I understand that this is a planned feature for the MediaWiki software.
I heard recently that a co-founder of Wikipedia has become highly dissatisfied with it on account of it containing so many factual errors that it was useless (and beyond repair), and he's quite right - this is a major issue that needs to be addressed. Obviously, the ability to mark revisions is the perfect solution. If there was a way to pick out a revision as being error-free (I assume, synonymous with "stable"), Wikipedia could potentially progress towards being an academically-citable encyclopedia.
I was just wondering who would feasibly *do* the marking as a stable revision? Obviously if this can be done by any users then there will be no advantage to it (as just the same liability toward inserting errors will transfer into a liability towards marking stable revisions which aren't actually stable). If you restrict it to registered users then there will still be no advantage, as even long-time registered users often vandalise and get things wrong. If you restrict it to admins then there will be too few of them.

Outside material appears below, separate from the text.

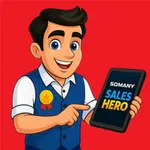Somany Sales Hero icon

The real problem is that it will take proper peer-reviewing - by experts - to really mark an article as "stable" in the sense of containing none of the errors and mistakes that caused the aforementioned co-founder to give up on Wikipedia. Obviously this is because any average editor (even an admin) is not necessarily qualified to declare an article error-free. Certainly, if nothing else, it will take expert-reviewing to bring an article up to "citable" standards.

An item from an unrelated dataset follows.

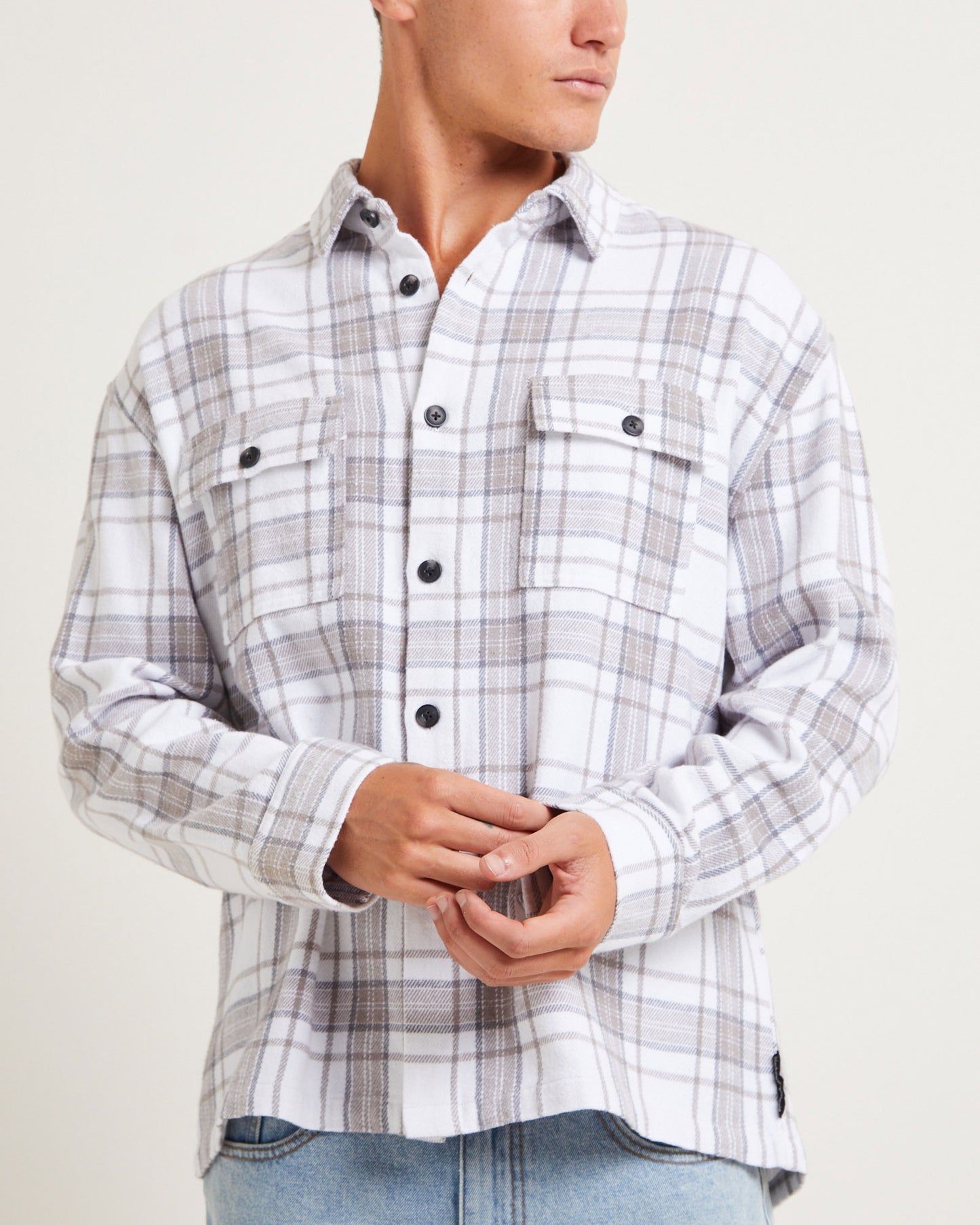 Americano Long Sleeve Shirt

So how do we currently suppose this will all work? Will the Foundation hire experts to check articles? Will we rely on expert volunteers contacting the Foundation so that they can be given "expert" accounts that can mark stable revisions? Or will we just allow long-time trusted editors to mark versions as stable, which leaves us in the same position of not knowing whether the article is *mistakenly* stable or not?
One feasible way I can see this as working is defining an arbitrary amount, say 100, that has to be reached for an article to become stable. If one person marks a revision as stable, it gets +1, and if they are a more trusted editor (been around for longer, done more major non-reverted edits) then it may get +5. If someone marks it as unstable it gets -5 (weighting towards holding back). And so on. Then if the article reaches 100 it becomes stable. This method roughly solves the problem of there being vandal or mistaken stable articles, but assumes that one revision of an article will stick around for long enough to be evaluated in this manner. Will we have to freeze the page after an admin puts it into "evaluation mode", or perhaps set it aside into a subsidiary page where it is evaluated, after that revision has been nominated for Stable Revision Evaluation? Obviously this is all a very tricky issue because we're dealing with a wiki!
I was just wondering what people thought of these issues, and what plans there are, if there are any.
On 13/04/07, Virgil Ierubino virgil.ierubino@gmail.com wrote:
So how do we currently suppose this will all work? Will the Foundation hire experts to check articles? Will we rely on expert volunteers contacting the Foundation so that they can be given "expert" accounts that can mark stable revisions? Or will we just allow long-time trusted editors to mark versions as stable, which leaves us in the same position of not knowing whether the article is *mistakenly* stable or not?
Better ask the community; wikipedia-l, foundation-l, etc. are all good mailing lists for this. wikitech-l, being focussed on the technical side of things, isn't too fussed, and is the wrong place for that discussion.